- _Task prompt_
Lines from the one with "ONeal 2SRS Helmet RANCID black/white" up to and including the one with "AZUMAYA 東谷 サイドテーブル" are to be copied exactly from the records below, without their pictures.

- _Source records_
========================================

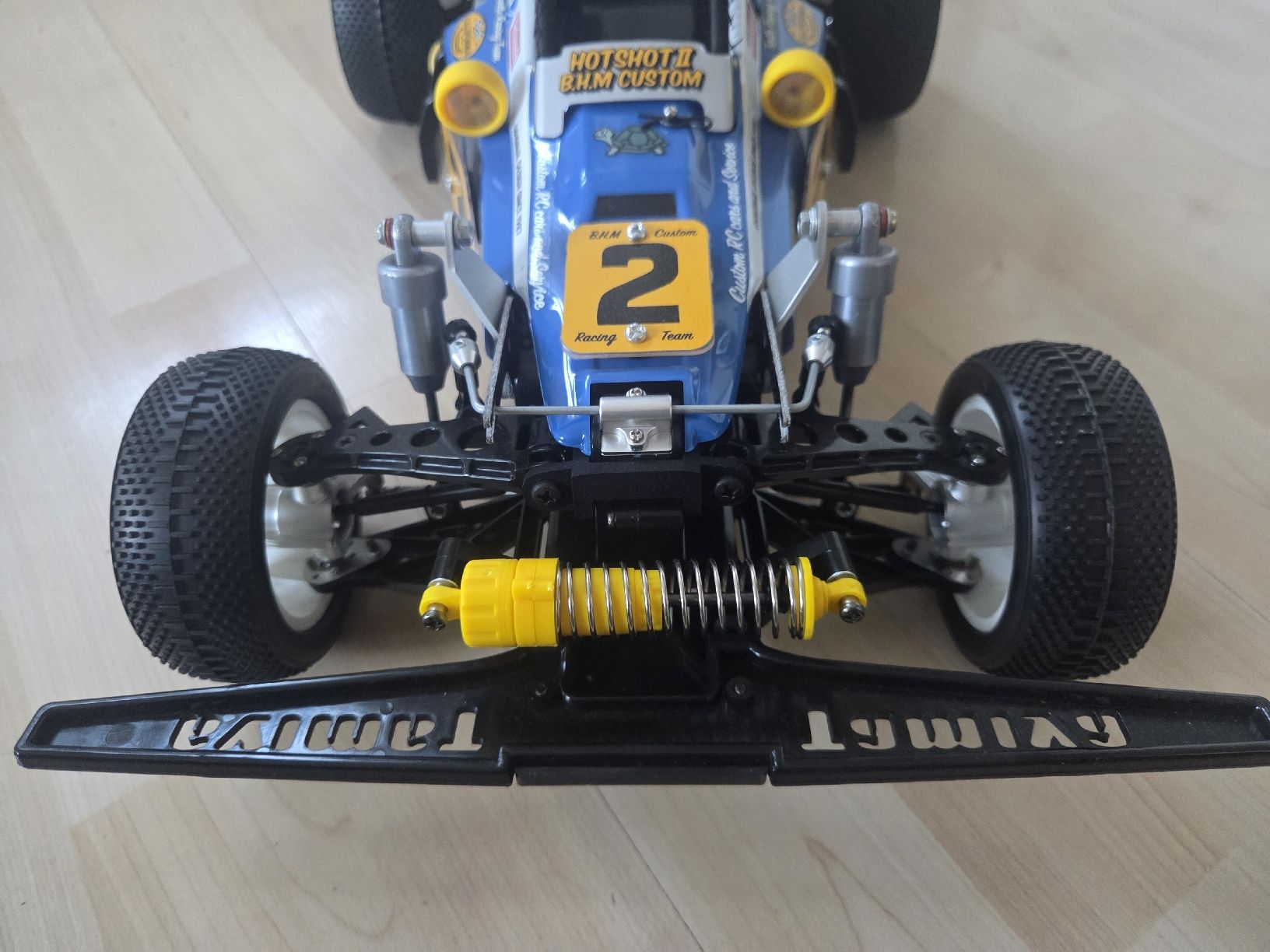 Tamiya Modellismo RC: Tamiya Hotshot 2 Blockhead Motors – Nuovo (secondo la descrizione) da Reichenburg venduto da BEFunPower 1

========================================

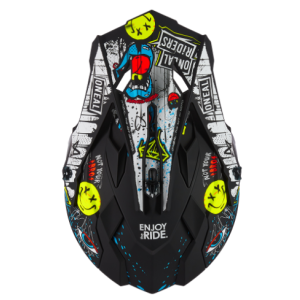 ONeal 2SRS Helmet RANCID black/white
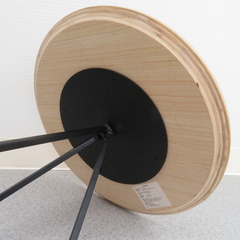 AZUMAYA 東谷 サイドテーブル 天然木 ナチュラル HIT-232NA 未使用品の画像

========================================

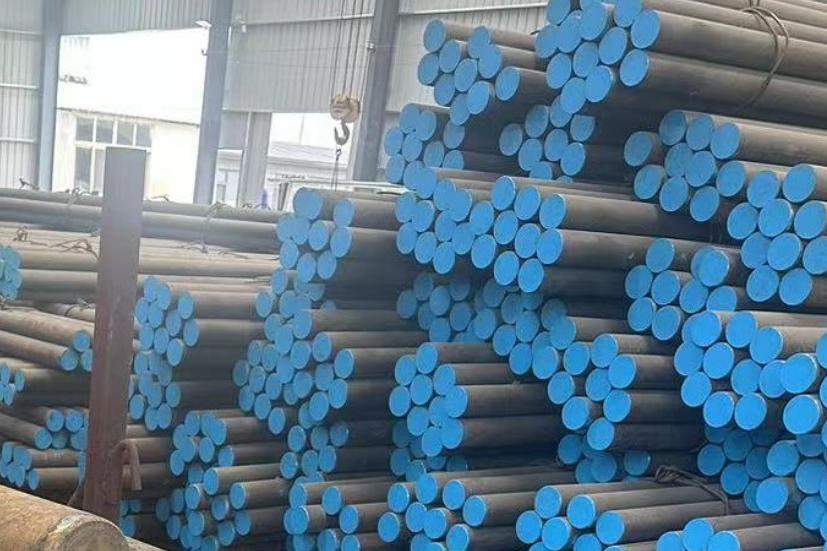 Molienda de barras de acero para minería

========================================

- _Solved exercise_
 ONeal 2SRS Helmet RANCID black/white
 AZUMAYA 東谷 サイドテーブル 天然木 ナチュラル HIT-232NA 未使用品の画像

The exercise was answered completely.